■ INSTRUCTIONS FOR THE TASK:
Nothing but the lines below from the one containing "Apart Fridl - See - 8" through the one containing "Wintersport: Skilanglauf-Loipe bei" should appear in the answer, exact and without pictures.

■ INPUT DATA:
=== Section Start ===

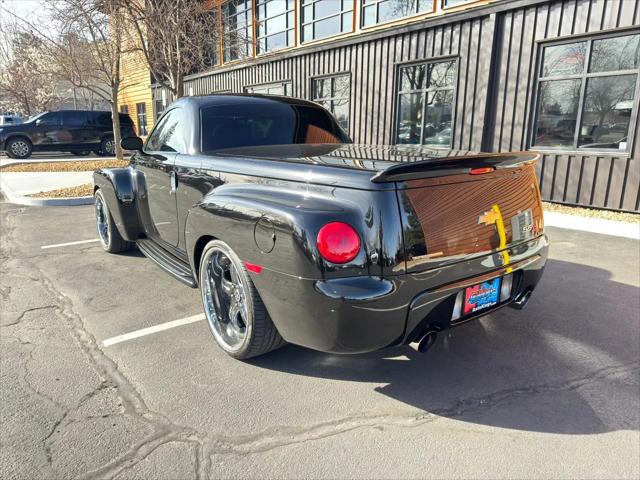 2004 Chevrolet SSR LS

=== Section End ===
=== Section Start ===

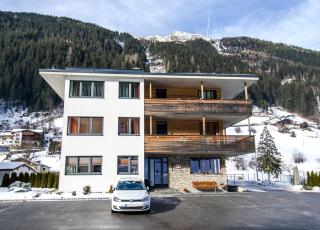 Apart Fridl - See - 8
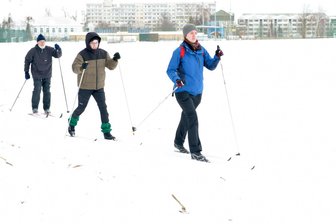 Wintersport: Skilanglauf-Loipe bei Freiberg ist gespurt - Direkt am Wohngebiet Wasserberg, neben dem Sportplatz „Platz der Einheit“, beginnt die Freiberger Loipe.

=== Section End ===

■ PROBLEM SOLUTION:
 Apart Fridl - See - 8
 Wintersport: Skilanglauf-Loipe bei Freiberg ist gespurt - Direkt am Wohngebiet Wasserberg, neben dem Sportplatz „Platz der Einheit“, beginnt die Freiberger Loipe.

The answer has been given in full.